• **PROBLEM TO SOLVE**
Give back the data below exactly, with every line kept the same.

═════ DATA LISTING

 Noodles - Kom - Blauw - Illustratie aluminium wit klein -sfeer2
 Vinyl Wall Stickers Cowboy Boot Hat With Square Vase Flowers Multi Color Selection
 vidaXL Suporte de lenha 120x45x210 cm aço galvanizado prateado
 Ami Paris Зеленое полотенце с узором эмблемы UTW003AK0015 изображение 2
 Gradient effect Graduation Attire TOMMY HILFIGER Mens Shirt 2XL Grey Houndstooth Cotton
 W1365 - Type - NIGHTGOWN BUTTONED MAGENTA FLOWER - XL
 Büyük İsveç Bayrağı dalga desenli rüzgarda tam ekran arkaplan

══════════

• **ANSWER SECTION**
 Noodles - Kom - Blauw - Illustratie aluminium wit klein -sfeer2
 Vinyl Wall Stickers Cowboy Boot Hat With Square Vase Flowers Multi Color Selection
 vidaXL Suporte de lenha 120x45x210 cm aço galvanizado prateado
 Ami Paris Зеленое полотенце с узором эмблемы UTW003AK0015 изображение 2
 Gradient effect Graduation Attire TOMMY HILFIGER Mens Shirt 2XL Grey Houndstooth Cotton
 W1365 - Type - NIGHTGOWN BUTTONED MAGENTA FLOWER - XL
 Büyük İsveç Bayrağı dalga desenli rüzgarda tam ekran arkaplan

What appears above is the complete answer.